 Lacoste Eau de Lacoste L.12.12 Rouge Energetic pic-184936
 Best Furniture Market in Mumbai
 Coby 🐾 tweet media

::::::

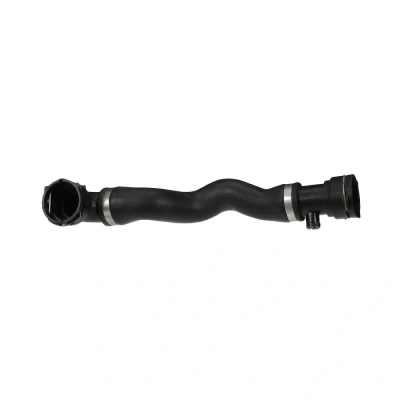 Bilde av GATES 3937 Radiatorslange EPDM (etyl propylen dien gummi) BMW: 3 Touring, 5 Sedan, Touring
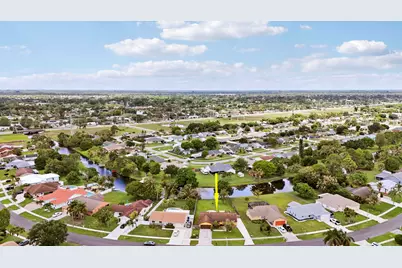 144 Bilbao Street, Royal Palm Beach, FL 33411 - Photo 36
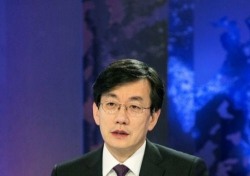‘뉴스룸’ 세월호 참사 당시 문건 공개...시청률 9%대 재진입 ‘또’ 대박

::::::

● **TASK DESCRIPTION**
The lines to copy exactly start with the line above that has "Bilde av GATES" and go on through the line that has "9%대 재진입 ‘또’ 대박"; please include both, add nothing else, and omit the pictures.

● **EXPECTED ANSWER**
 Bilde av GATES 3937 Radiatorslange EPDM (etyl propylen dien gummi) BMW: 3 Touring, 5 Sedan, Touring
 144 Bilbao Street, Royal Palm Beach, FL 33411 - Photo 36
‘뉴스룸’ 세월호 참사 당시 문건 공개...시청률 9%대 재진입 ‘또’ 대박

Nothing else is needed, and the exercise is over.